Reproduce verbatim the lines of the material below, starting at the line with "Silver Soul 11-14" and ending at the line with "Valmet 542936-2A Rack", both inclusive; skip the rest.

Data to use section start

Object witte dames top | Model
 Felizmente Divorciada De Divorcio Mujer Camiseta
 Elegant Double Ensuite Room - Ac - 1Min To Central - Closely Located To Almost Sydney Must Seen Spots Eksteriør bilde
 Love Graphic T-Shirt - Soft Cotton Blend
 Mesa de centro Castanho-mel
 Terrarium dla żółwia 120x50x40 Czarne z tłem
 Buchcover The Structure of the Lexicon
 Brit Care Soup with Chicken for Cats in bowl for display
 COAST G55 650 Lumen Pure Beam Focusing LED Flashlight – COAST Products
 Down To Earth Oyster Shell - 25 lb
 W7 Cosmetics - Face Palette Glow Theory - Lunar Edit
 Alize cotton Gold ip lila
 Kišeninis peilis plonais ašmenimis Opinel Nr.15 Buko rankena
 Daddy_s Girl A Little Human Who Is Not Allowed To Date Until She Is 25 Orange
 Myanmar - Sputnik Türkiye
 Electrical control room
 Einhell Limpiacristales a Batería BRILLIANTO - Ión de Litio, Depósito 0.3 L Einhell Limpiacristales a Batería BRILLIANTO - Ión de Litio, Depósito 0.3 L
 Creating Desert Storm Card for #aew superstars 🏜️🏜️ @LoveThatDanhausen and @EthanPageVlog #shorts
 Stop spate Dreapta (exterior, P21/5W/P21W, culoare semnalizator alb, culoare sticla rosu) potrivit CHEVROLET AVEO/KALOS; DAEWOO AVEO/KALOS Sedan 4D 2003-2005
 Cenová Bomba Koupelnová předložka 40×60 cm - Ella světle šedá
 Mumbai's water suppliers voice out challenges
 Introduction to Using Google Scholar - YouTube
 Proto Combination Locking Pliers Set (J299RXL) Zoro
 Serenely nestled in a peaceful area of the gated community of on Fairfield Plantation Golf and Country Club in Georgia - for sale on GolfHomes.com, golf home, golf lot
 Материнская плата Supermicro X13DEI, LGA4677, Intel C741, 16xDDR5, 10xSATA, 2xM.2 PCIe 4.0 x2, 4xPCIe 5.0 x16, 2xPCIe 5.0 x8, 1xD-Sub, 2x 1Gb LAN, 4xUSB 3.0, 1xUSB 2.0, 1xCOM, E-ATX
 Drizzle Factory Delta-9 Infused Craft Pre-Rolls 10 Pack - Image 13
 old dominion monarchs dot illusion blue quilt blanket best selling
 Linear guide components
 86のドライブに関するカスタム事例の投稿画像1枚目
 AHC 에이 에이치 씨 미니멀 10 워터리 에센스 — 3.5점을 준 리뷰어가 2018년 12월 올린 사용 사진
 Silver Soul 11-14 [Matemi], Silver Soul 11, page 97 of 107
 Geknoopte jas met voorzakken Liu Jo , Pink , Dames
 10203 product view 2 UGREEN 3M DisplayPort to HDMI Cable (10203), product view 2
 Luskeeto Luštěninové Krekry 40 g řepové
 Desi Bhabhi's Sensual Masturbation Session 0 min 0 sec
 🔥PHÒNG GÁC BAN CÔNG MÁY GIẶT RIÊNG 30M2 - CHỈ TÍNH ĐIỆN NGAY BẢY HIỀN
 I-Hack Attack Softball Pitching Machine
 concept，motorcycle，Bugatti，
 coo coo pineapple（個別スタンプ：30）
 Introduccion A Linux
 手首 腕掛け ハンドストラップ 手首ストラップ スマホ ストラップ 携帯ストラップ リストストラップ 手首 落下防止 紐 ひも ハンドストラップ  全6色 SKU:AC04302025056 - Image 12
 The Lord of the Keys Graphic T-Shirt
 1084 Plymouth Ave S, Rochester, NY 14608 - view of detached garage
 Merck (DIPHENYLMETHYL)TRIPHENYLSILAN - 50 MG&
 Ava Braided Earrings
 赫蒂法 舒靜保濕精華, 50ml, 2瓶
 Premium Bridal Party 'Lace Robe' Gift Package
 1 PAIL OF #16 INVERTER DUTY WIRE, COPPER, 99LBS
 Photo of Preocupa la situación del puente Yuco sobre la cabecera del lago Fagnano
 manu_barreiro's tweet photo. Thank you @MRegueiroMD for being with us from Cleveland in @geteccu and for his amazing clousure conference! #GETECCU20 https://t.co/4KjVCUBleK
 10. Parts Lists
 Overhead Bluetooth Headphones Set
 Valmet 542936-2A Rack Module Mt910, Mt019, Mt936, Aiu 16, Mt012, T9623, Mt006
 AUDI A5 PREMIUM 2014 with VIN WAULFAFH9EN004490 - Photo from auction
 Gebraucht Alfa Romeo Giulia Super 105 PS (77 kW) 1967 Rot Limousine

Data to use section end

- [Output for this task]:
 Silver Soul 11-14 [Matemi], Silver Soul 11, page 97 of 107
 Geknoopte jas met voorzakken Liu Jo , Pink , Dames
 10203 product view 2 UGREEN 3M DisplayPort to HDMI Cable (10203), product view 2
 Luskeeto Luštěninové Krekry 40 g řepové
 Desi Bhabhi's Sensual Masturbation Session 0 min 0 sec
 🔥PHÒNG GÁC BAN CÔNG MÁY GIẶT RIÊNG 30M2 - CHỈ TÍNH ĐIỆN NGAY BẢY HIỀN
 I-Hack Attack Softball Pitching Machine
 concept，motorcycle，Bugatti，
 coo coo pineapple（個別スタンプ：30）
 Introduccion A Linux
 手首 腕掛け ハンドストラップ 手首ストラップ スマホ ストラップ 携帯ストラップ リストストラップ 手首 落下防止 紐 ひも ハンドストラップ  全6色 SKU:AC04302025056 - Image 12
 The Lord of the Keys Graphic T-Shirt
 1084 Plymouth Ave S, Rochester, NY 14608 - view of detached garage
 Merck (DIPHENYLMETHYL)TRIPHENYLSILAN - 50 MG&
 Ava Braided Earrings
 赫蒂法 舒靜保濕精華, 50ml, 2瓶
 Premium Bridal Party 'Lace Robe' Gift Package
 1 PAIL OF #16 INVERTER DUTY WIRE, COPPER, 99LBS
 Photo of Preocupa la situación del puente Yuco sobre la cabecera del lago Fagnano
 manu_barreiro's tweet photo. Thank you @MRegueiroMD for being with us from Cleveland in @geteccu and for his amazing clousure conference! #GETECCU20 https://t.co/4KjVCUBleK
 10. Parts Lists
 Overhead Bluetooth Headphones Set
 Valmet 542936-2A Rack Module Mt910, Mt019, Mt936, Aiu 16, Mt012, T9623, Mt006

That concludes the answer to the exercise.